Wherever pictures appear in the listing below, leave them out, and copy exactly, and only, everything from the line with "turkiye-ile-irak-arasinda-11-anlasma-imzalandi-yYjj8HZy.webp" down to the line with "Buty męskie ADIDAS OWNTHEGAME 3.0 IF4566".

Segment Start: Provided entries

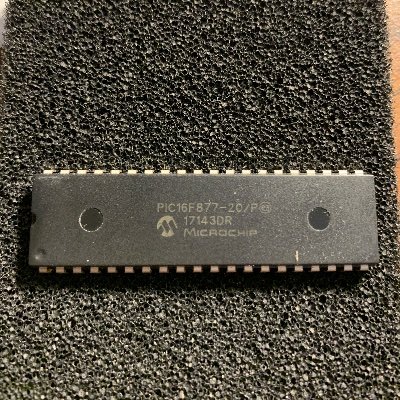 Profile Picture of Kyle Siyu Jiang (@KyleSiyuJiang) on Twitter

Segment End: Provided entries
Segment Start: Provided entries

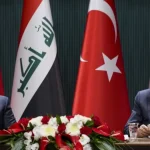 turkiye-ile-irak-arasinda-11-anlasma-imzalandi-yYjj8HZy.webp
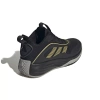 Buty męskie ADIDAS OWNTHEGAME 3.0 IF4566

Segment End: Provided entries

Answer space:
 turkiye-ile-irak-arasinda-11-anlasma-imzalandi-yYjj8HZy.webp
 Buty męskie ADIDAS OWNTHEGAME 3.0 IF4566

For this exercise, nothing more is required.